# Data Quality Issues

While it may seem a contradiction in terms to discuss the "quality" of two files of random numbers, there are some areas of concern beyond the randomness issues discussed in the Introduction.

Our intent is to have the numbers presented here match those in the printed volume. However, cross-checks have revealed some discrepancies. We would like to express our appreciation to Bob Clements — an engineer at BBN by day and a student of random numbers by night — who first brought the discrepancies to our attention in November 1994.

## Recalculation of Table 1

We used the random-digits data to recalculate the numbers in Table 1, which presents a tally of the ones, twos, threes, etc., that appear in the whole file and in each of 20 blocks of 50,000 consecutive digits.

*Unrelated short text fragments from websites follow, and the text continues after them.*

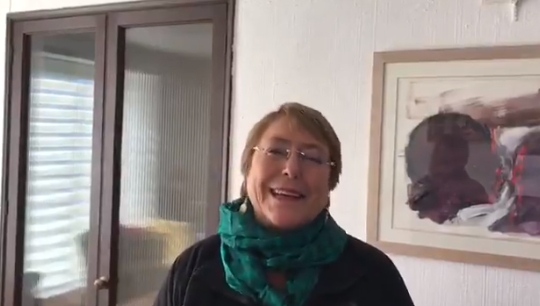Michelle Bachelet invita a elegir al representante en el Global Teacher Prize Chile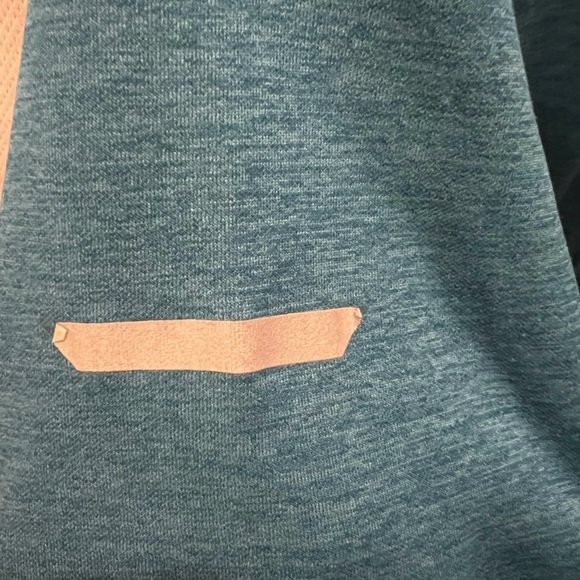 Bundle of Men’s Sportswear Adidas, North Face, Under Armour Five (5) Pieces - Picture 10 of 13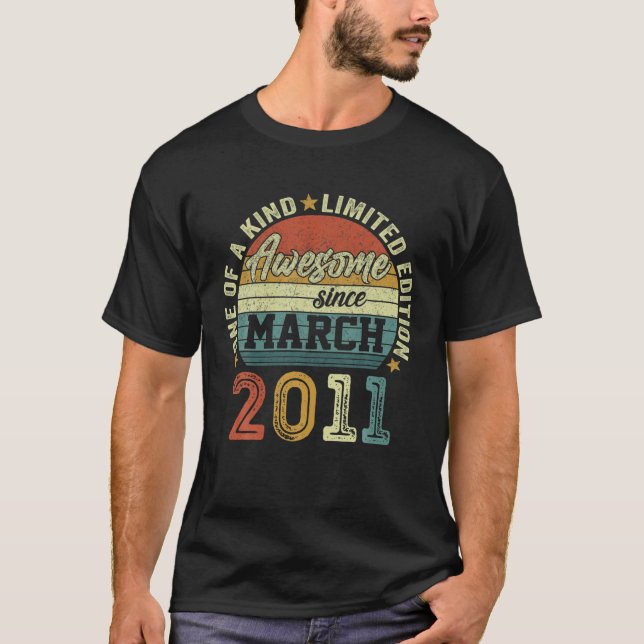 T-shirt 10 Anniversaire Awesome Depuis Mars 2011 10T (Devant)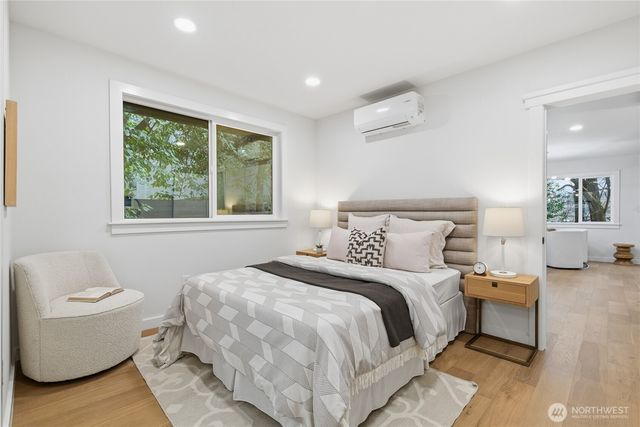 3448 14th Avenue W, Seattle, WA 98119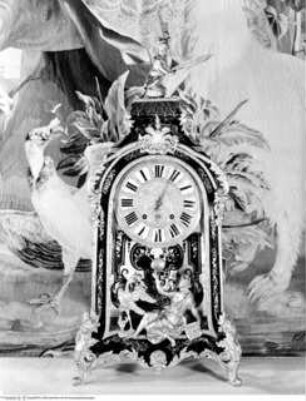 Uhr mit figürlichem Schmuck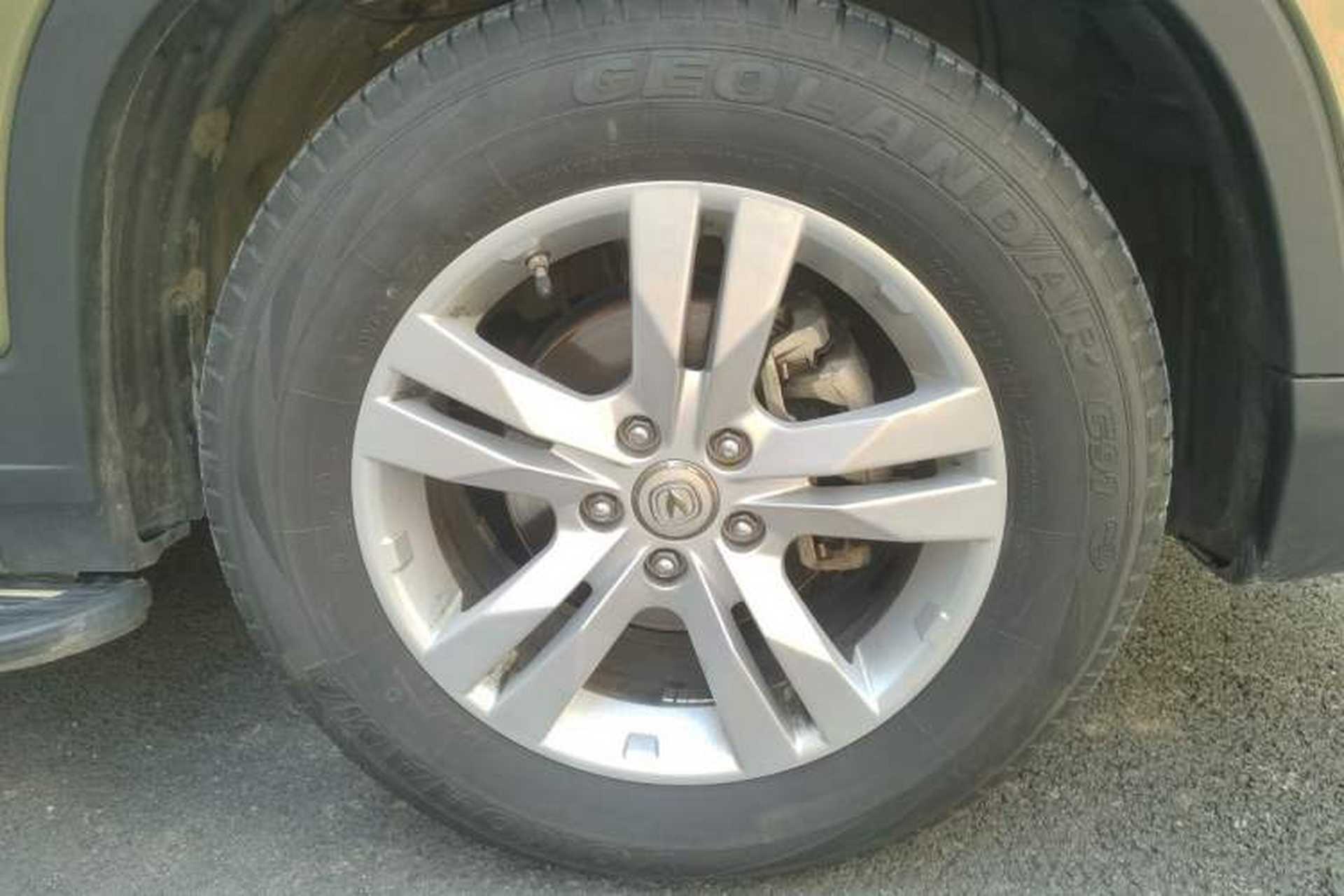 Used CHANGAN CS75 2016 1.8T Automatic Elite Model China V Standard Right Front Wheel Hub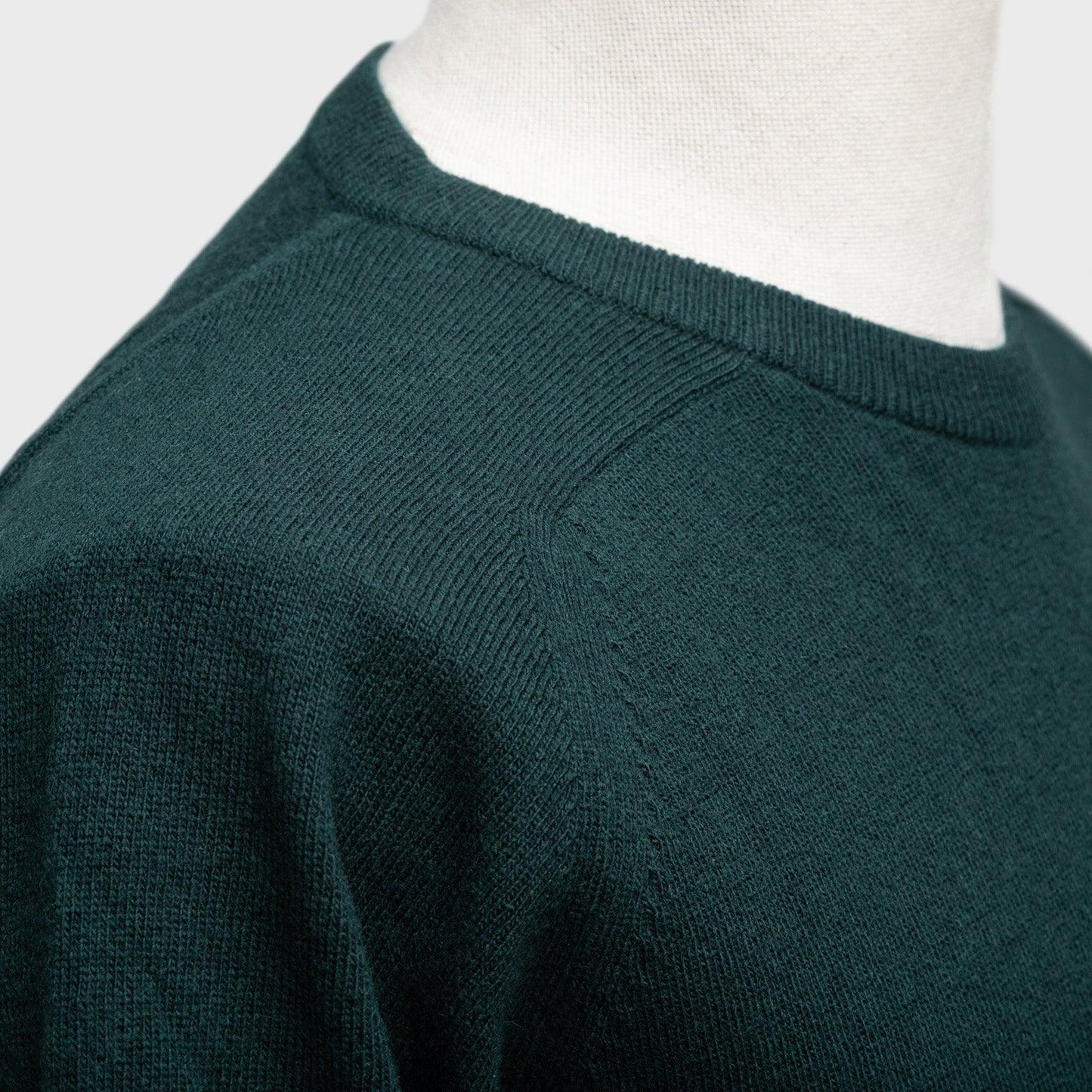 Pull à col rond en pure laine d'agneau, vert foncé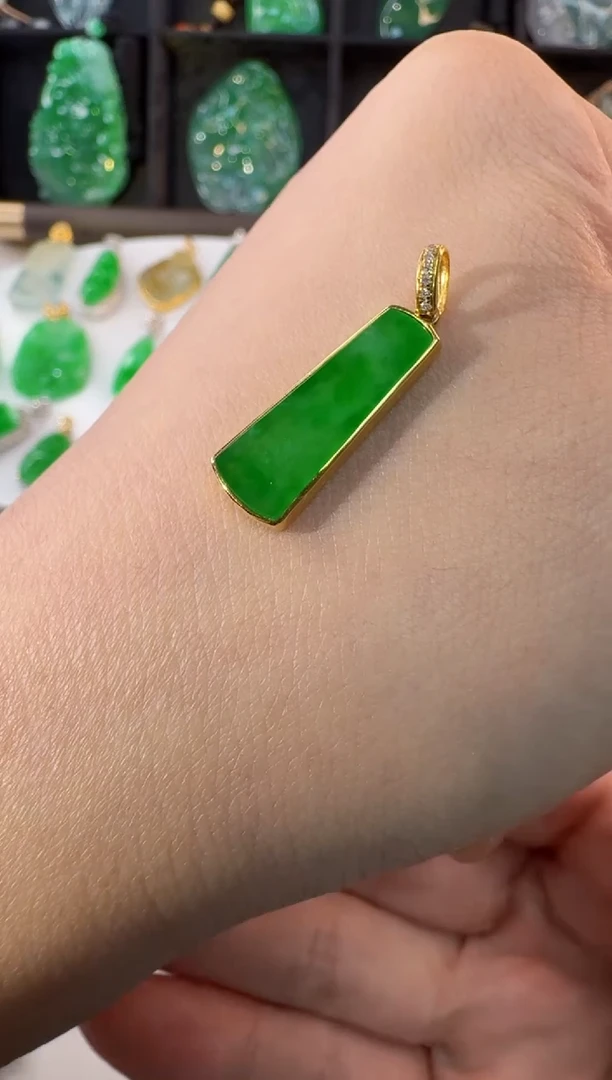 颈饰18K金镶嵌翡翠缅甸A货翡翠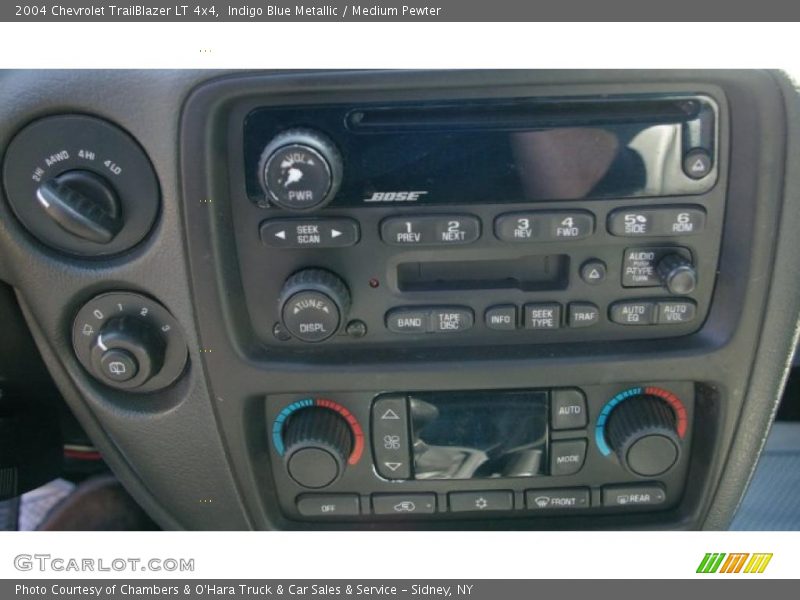 Indigo Blue Metallic / Medium Pewter 2004 Chevrolet TrailBlazer LT 4x4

Our calculated numbers did not agree with those in Table 1 for the second and eighth block of 50,000 digits. Mr. Clements had compared a printout of the second block of data with the corresponding lines in the book and located several discrepancies between them. We used scanning and optical character recognition to input the 20 pages of the book comprising the eighth block of digits and electronically compared the resulting file to the corresponding data, finding that the two were in complete agreement.

We corrected the second block of the data file to agree with the book and again recalculated Table 1. Only the discrepancies for the eighth block of digits remained. Table 1 shows one fewer zero and one more two in the eighth block than does our recalculation. We believe this discrepancy is the result of an error made in reading the digits data cards during the calculation of Table 1. The results of this test, however, do not tell us anything about transposed digits or other self-canceling errors.

## Recalculation of Random Deviates

We used the random digits data to recreate the random deviates and electronically compared the recreated and original deviates data. There were five instances in which the recreated deviate did not match the corresponding item in the deviates data file.

However, for those five discrepancies, we compared the deviates data item and the corresponding digits to those in the book, and each of these ten comparisons matched. Therefore, the discrepancies exist in the printed volume as well.

We believe that at the time the original deviates were generated, errors made in reading the digits data led to "incorrect" deviates (i.e., deviates that do not correspond to the application of formula 1 to the digits from which they were generated).

## Recalculation of Table 3

Mr. Clements ran the poker-hands test on the data with the discrepancies in the second block and compared the results with the data in Table 3. He found several discrepancies there as well.

We did not reproduce this analysis. However, on the basis of our experience, we believe that these discrepancies are due to errors made in reading the digits data when the original tests were run.